South Africa: In the experimental stage

Although brokers continue to dominate the insurance market across Africa, the industry is quick to embrace digital solutions. As customer needs evolve, insurers struggle to strike the right balance between their legacy operations which contribute to a large revenue and the opportunities that the new digital landscape will generate.

Most customers still purchase insurance policies through financial advisors, insurance agents or brokers. However, a recent EY survey found that customers in South Africa are more likely to use digital channels to check and compare policies than their UK counterparts. The challenge remains of converting the browsing into a successful sale still prevails in these markets. .

While mobile and digital applications are targeted to specific markets, such as funeral insurance, major initiatives are transforming back-office operations to become more cost-effective and reliable. Boosting the company’s back-office efficiency without endangering the brokerage relationship will be key. Traditional insurance firms have focused on making sales processes easier for the digital customer, but primarily in non-life products because of the strong position brokers and intermediaries still possess in life coverage.

It is too early to judge success, but executives often need to explore the potential of a new distribution model. While most insurers see the benefits of digital strategies, only a few have implemented them. As digital sales increase, expect companies to launch products that enhance the customer journey.

India: Agents and brokers still reign

Even though digital channels have become a more significant method for selling insurance across India, brokers and agents continue to be the dominant point of sales. While the younger generation of consumers evaluate and assess insurance products online, the actual sale usually requires a face-to-face conversation with the agent.

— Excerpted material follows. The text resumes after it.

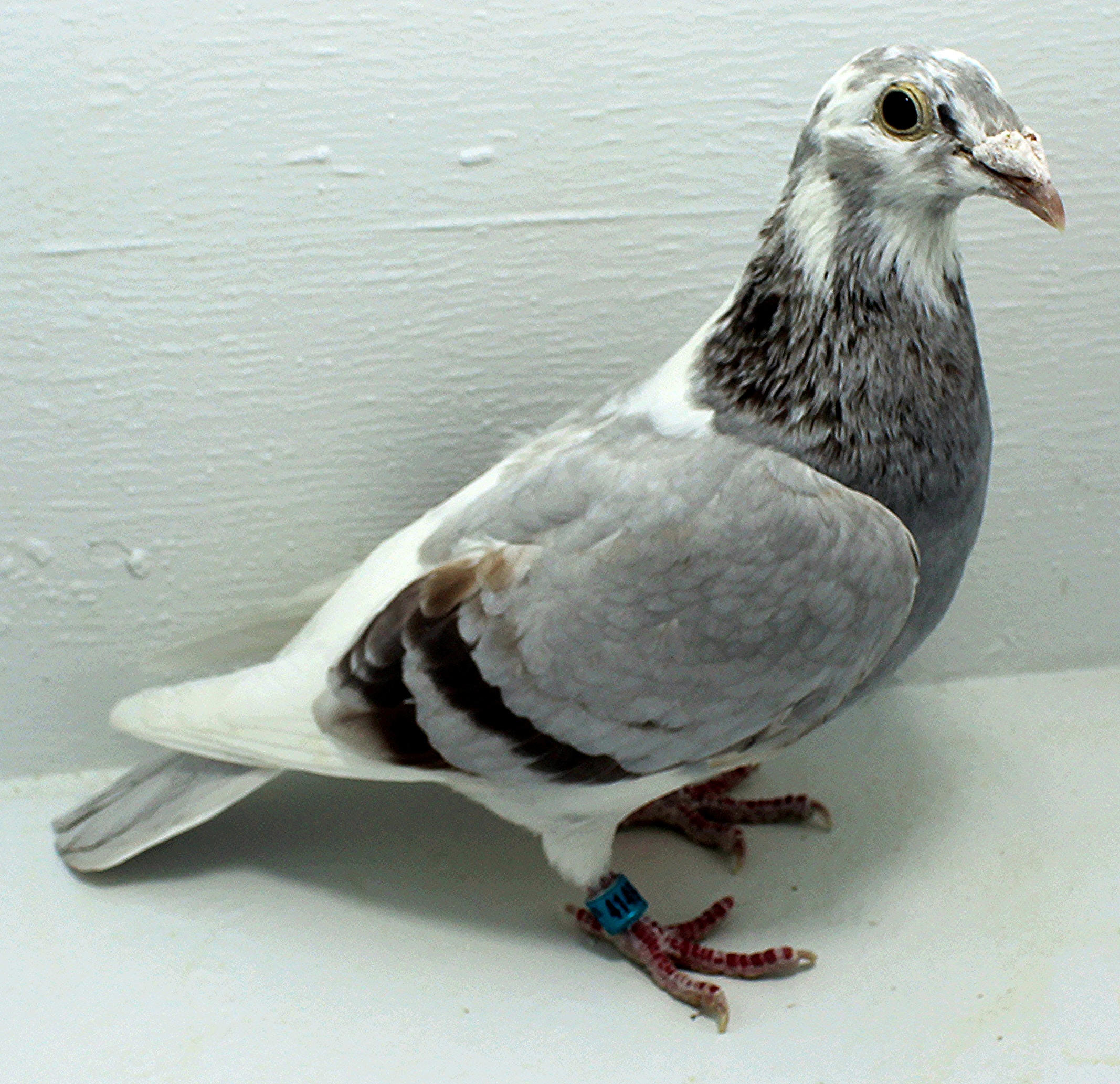 AU 41494 AA 2025 Pure Paul Sion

By developing an end-to-end sales tool for the front-line sales staff, we are helping Indian firms develop a robust “hybrid model” where digital tools help agents find the right products to sell to the right customers. Equally significant, the move to digital sales allows agents to develop and store customer data based on their daily client interaction. Over time, this will allow agents to change their sales approach from a service delivery model to one where they own and manage client relationships, thus leading to cross-selling opportunities.

While customers for non-life policies, like travel or motor insurance, are rapidly moving to embrace digital solutions, agents will continue to be a cog in the life insurance market. However, harnessing digital applications on mobile phones can reduce friction, boost efficiency and improve the quality of sales, which may be the optimal means of servicing the Indian market.l

Bancassurance accounts for nearly one-third of all revenue generated by financial institutions in Brazil, mainly from commissions and asset management fees. As digital banking gains momentum, banks must find new ways to present their insurance products to their would-be customers even though many customers still expect personal interactions to secure a sale.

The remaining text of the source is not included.